** Opening COLLECTED DATA block **

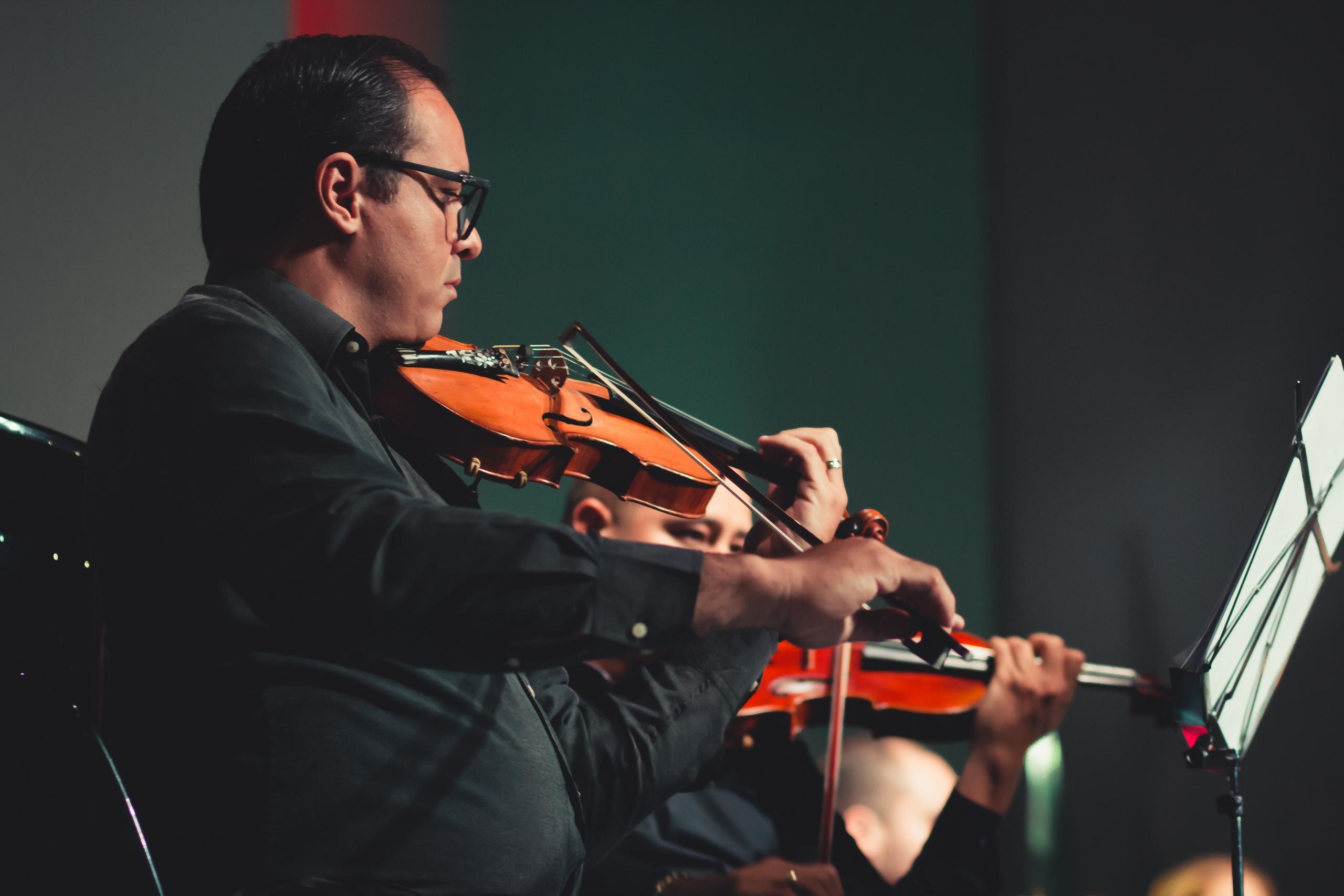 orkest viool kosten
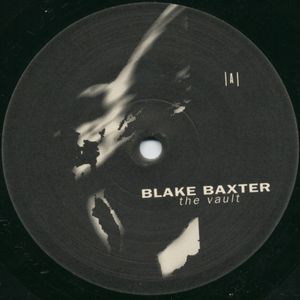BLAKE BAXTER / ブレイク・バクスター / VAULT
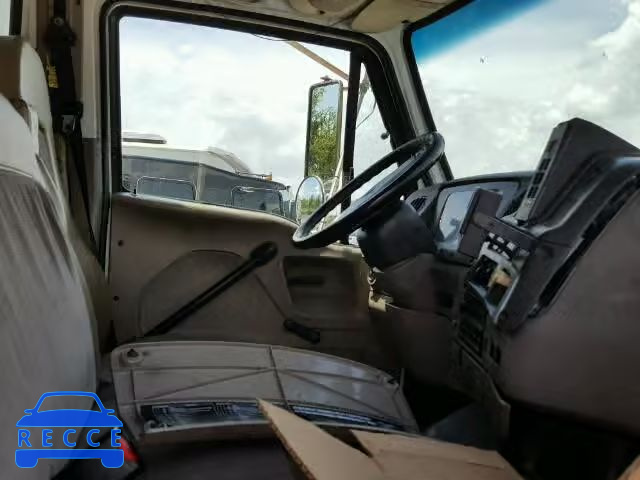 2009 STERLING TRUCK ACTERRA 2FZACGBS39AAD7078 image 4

** Closing COLLECTED DATA block **

## ASSIGNMENT
Print each line above exactly as it appears, excluding all images.

## SOLVED PROBLEM
 orkest viool kosten
BLAKE BAXTER / ブレイク・バクスター / VAULT
 2009 STERLING TRUCK ACTERRA 2FZACGBS39AAD7078 image 4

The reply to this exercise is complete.